Earlier this month, the Russian authorities lifted their ban on the Telegram messaging app, citing the company’s willingness to help with its counterterrorism efforts. However, despite the official ban being in effect for over two years, Telegram has reportedly remained accessible in the country for much of that time. In a new feature, The Washington Post has written how Telegram’s founder Pavel Durov, “humiliated and outmaneuvered Russia’s state telecommunications regulator,” in preventing the app from being successfully banned. Unsurprisingly, it’s well worth a read in full.
Telegram initially gained the attention of the Russian authorities because it had reportedly become one of the apps of choice for the country’s opposition groups. The authorities wanted access to the encrypted messages of Telegram users but Durov wasn’t in a hurry to give this up.
Two years ago, Pavel Durov refused to grant Russian security services access to users’ encrypted messages on his popular Telegram messaging app, then a favorite of Russian opposition groups. The reply from authorities was either submit or become wiped off the country’s digital map.
Neither happened.
The reason was that Telegram found ways around the regulator’s firewalls. It routed its traffic through US cloud services from the likes of Amazon and Google, hiding it from view. In combination with its changing IP addresses, this meant that when Roskomnadzor, Russia’s internet censor, tried to block Telegram, other sites and services got caught in the crossfire, according to Andrei Soldatov, a Russian investigative journalist and security services expert. But this tactic proved controversial with some companies:
“Telegram effectively made big platforms with lots of users — companies were hosted on them — hostages,” Soldatov said, adding that the digital disturbance raised the awareness of ordinary users who may not have even been on Telegram.
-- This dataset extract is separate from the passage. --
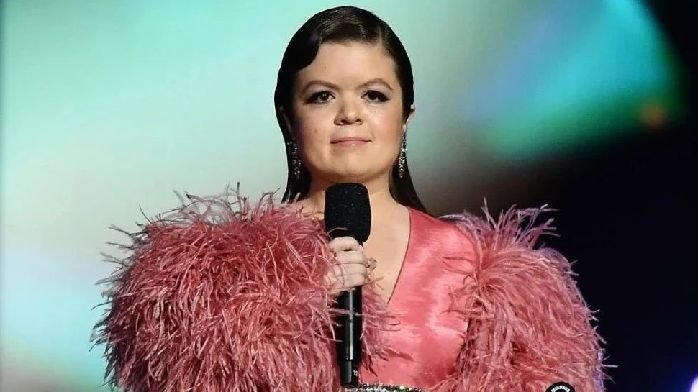侏儒症女模特拍摄 GUCCI 时尚美妆广告_凤凰网
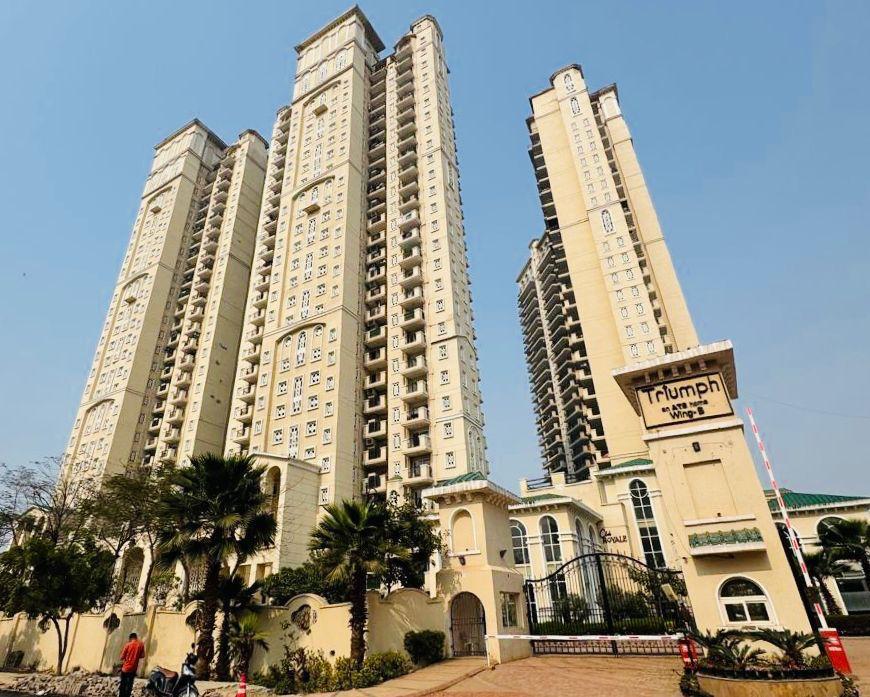 3 BHK Apartment in Yash Daivi Eterneety Poisar, Borivali West photo 1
“Opinions were divided over the ethics of these tactics,” Soldatov said. “While digital activists praised it — it made the Telegram issue a national and even international one — the Russian companies hosted on Amazon got blocked due to incompetence of Roskomnadzor. And they blamed Telegram, not the Russian authorities.”
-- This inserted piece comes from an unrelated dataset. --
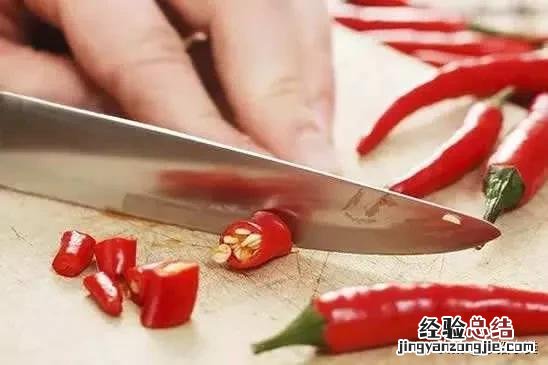 切辣椒辣手怎么办最有效方法 切辣椒后手上的灼热感怎么解决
These tactics would reportedly not have worked in countries like Iran or China where internet censorship efforts are more sophisticated, but they were enough to get the Russian authorities to give up on their attempts to ban Telegram. Instead, in a strange twist, government officials appeared to embrace it.
Moscow’s attempts to ban Telegram had a very ironic twist — they were repeatedly undermined by government officials who continued using it. The app eventually morphed into another dissemination tool for state-sponsored news and propaganda.
The Washington Post’s piece is a great look at what a relatively small service was able to achieve when it was determined to stay online, and it’s well worth reading.